→ **What is required**
The required answer is the run of lines from the one holding "Babymam śpiworek do" to the end of the data below, copied exactly and free of pictures.
[[ Extracted material open ]]
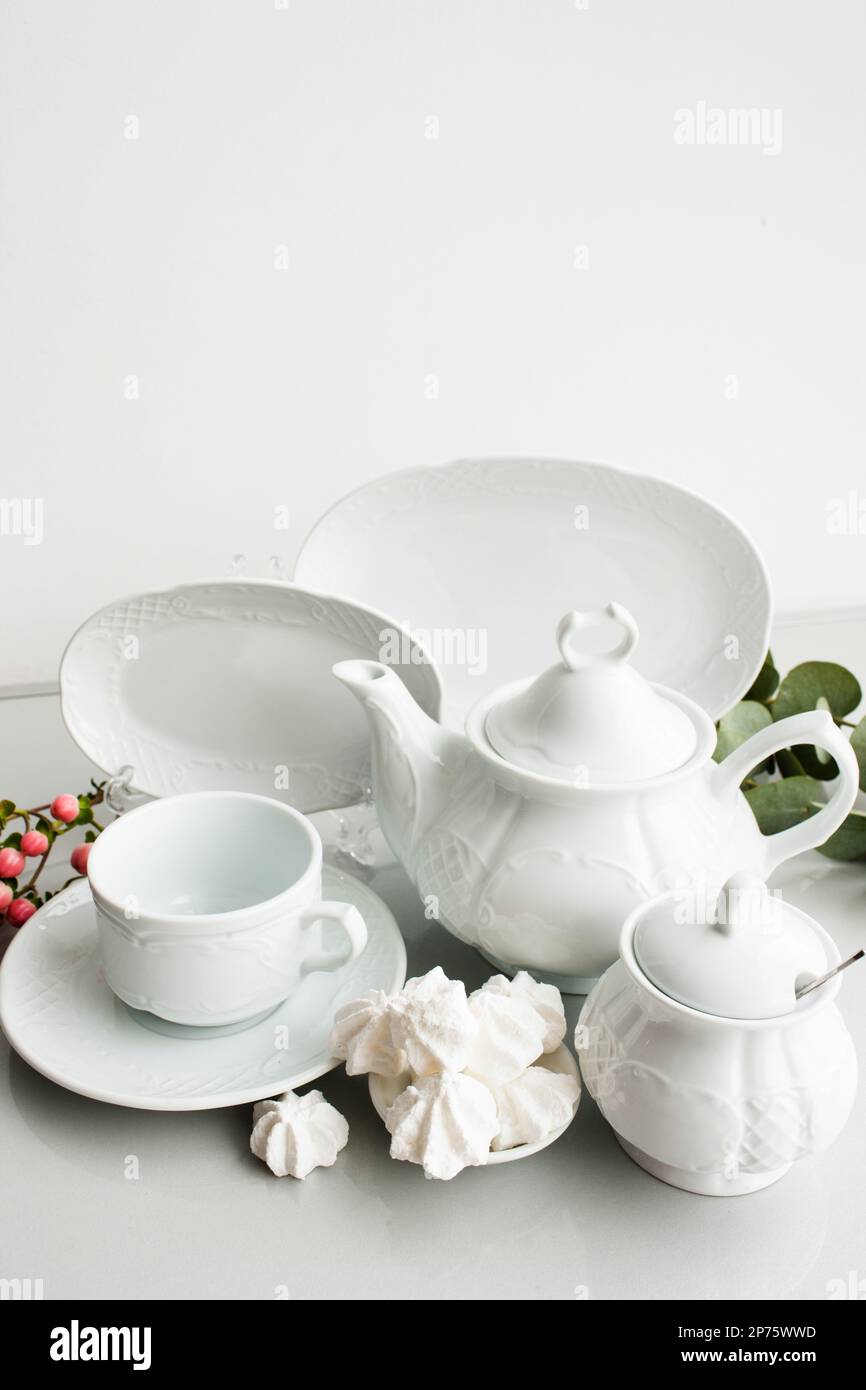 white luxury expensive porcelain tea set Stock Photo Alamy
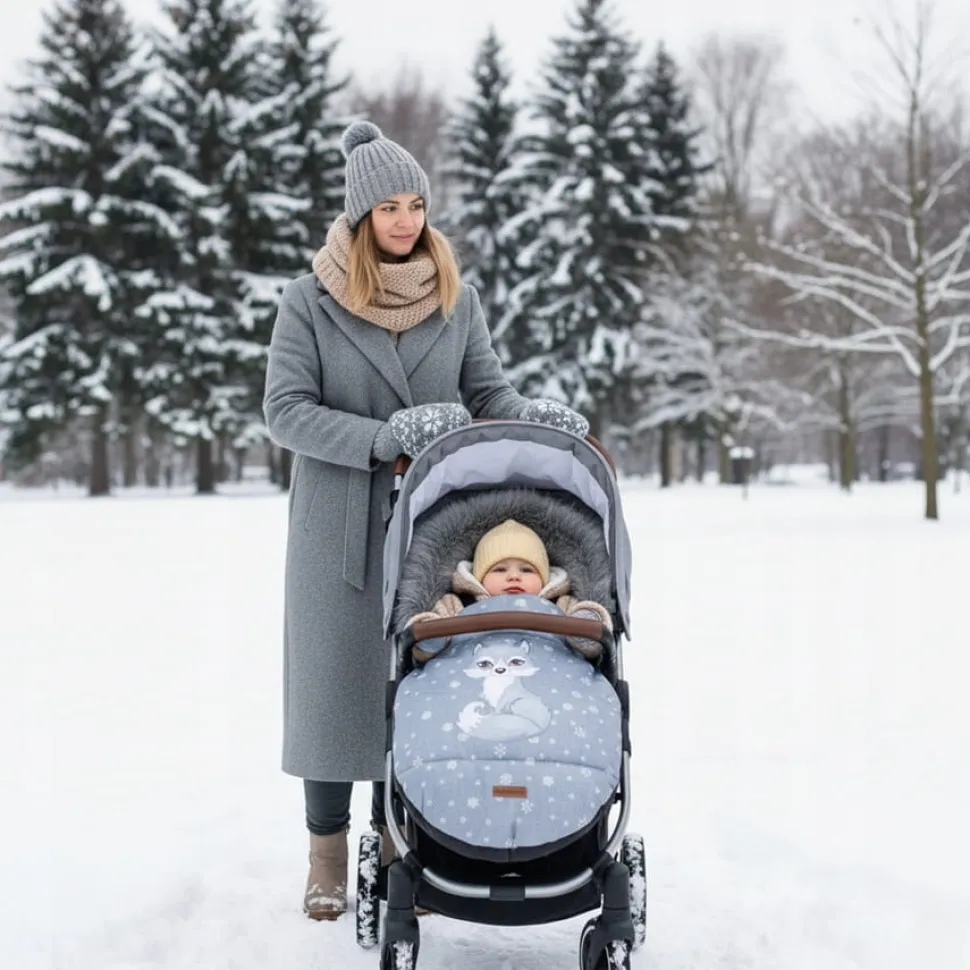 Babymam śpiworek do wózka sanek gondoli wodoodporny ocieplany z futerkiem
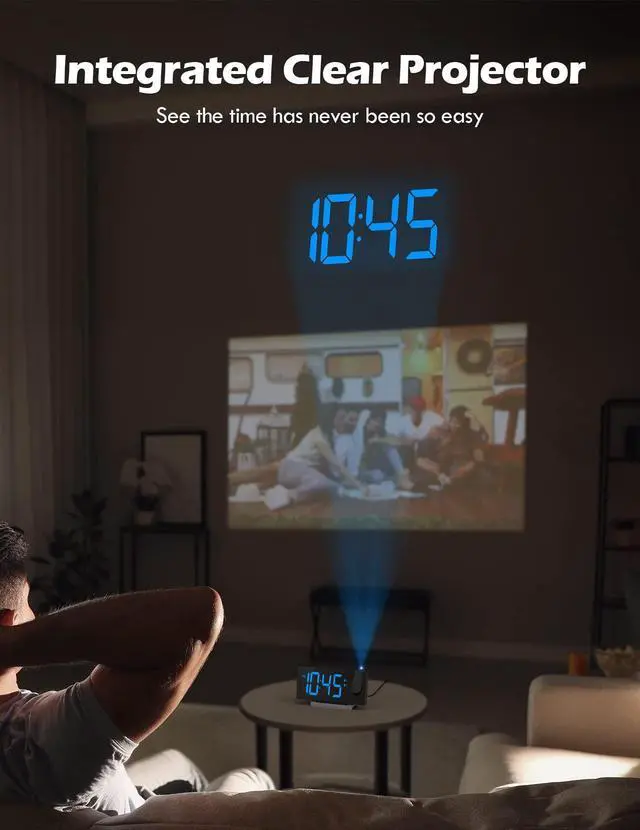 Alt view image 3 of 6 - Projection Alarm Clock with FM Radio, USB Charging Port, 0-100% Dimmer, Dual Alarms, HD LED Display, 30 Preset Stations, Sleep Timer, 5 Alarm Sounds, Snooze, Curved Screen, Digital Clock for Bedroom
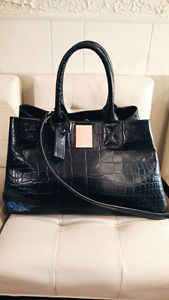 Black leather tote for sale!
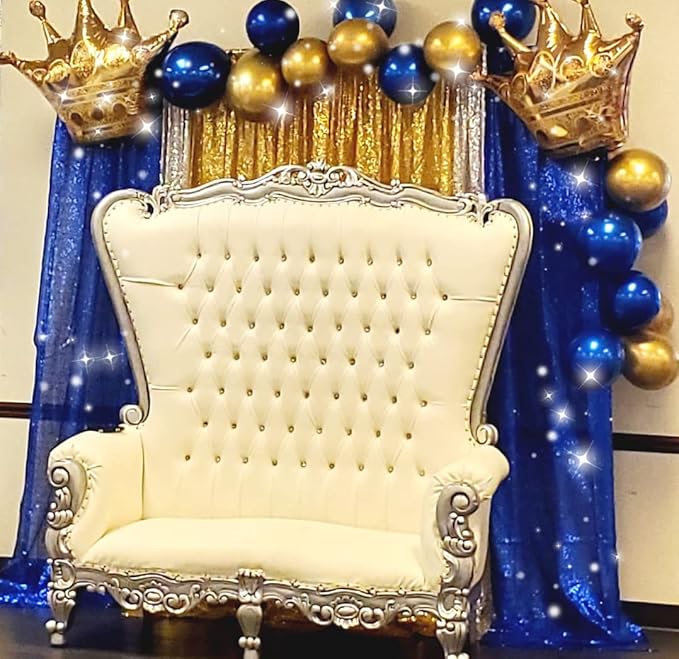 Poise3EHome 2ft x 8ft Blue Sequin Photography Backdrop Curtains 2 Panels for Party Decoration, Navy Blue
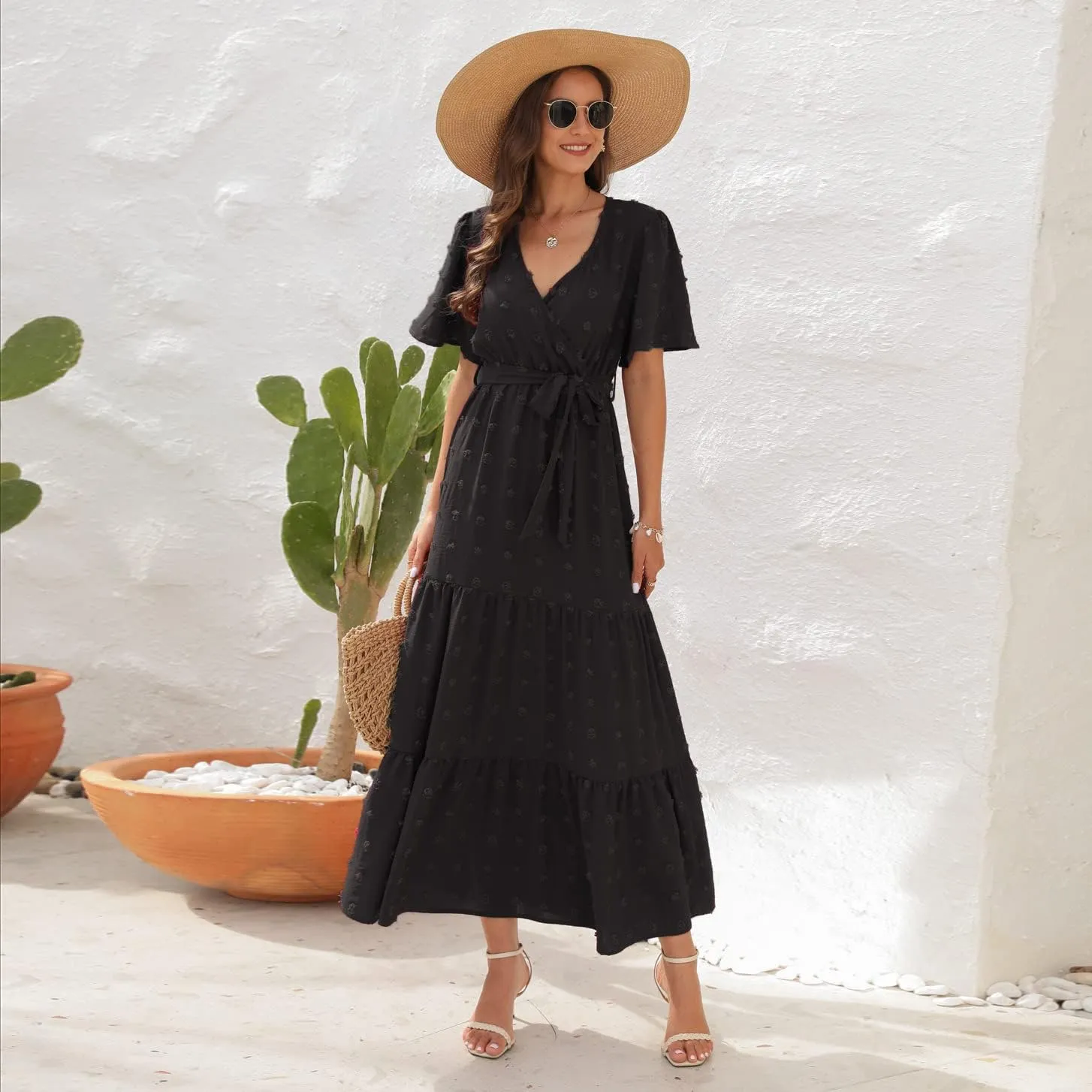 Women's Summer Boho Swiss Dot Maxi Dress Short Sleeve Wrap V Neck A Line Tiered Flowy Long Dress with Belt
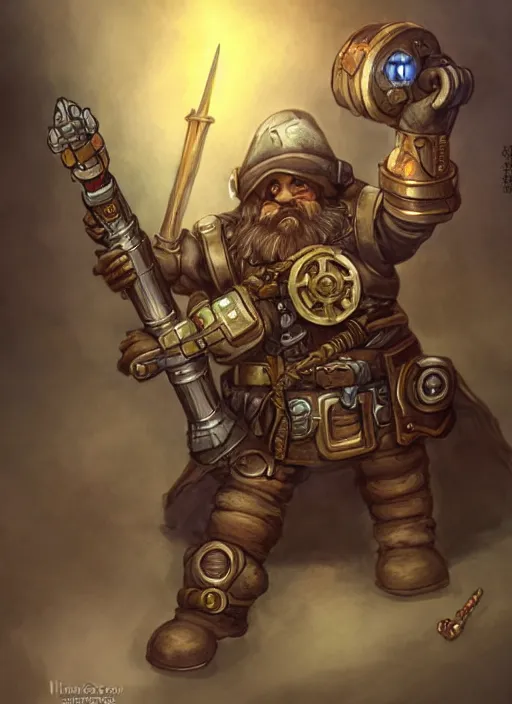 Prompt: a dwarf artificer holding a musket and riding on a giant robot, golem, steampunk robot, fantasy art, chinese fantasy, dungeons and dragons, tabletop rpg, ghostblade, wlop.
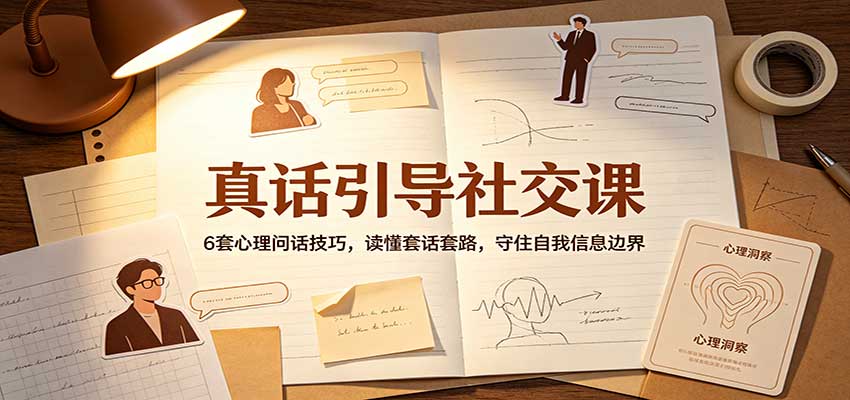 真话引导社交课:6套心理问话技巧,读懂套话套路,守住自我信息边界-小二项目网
[[ Extracted material closed ]]
→ **Written reply**
 Babymam śpiworek do wózka sanek gondoli wodoodporny ocieplany z futerkiem
 Alt view image 3 of 6 - Projection Alarm Clock with FM Radio, USB Charging Port, 0-100% Dimmer, Dual Alarms, HD LED Display, 30 Preset Stations, Sleep Timer, 5 Alarm Sounds, Snooze, Curved Screen, Digital Clock for Bedroom
 Black leather tote for sale!
 Poise3EHome 2ft x 8ft Blue Sequin Photography Backdrop Curtains 2 Panels for Party Decoration, Navy Blue
 Women's Summer Boho Swiss Dot Maxi Dress Short Sleeve Wrap V Neck A Line Tiered Flowy Long Dress with Belt
 Prompt: a dwarf artificer holding a musket and riding on a giant robot, golem, steampunk robot, fantasy art, chinese fantasy, dungeons and dragons, tabletop rpg, ghostblade, wlop.
 真话引导社交课:6套心理问话技巧,读懂套话套路,守住自我信息边界-小二项目网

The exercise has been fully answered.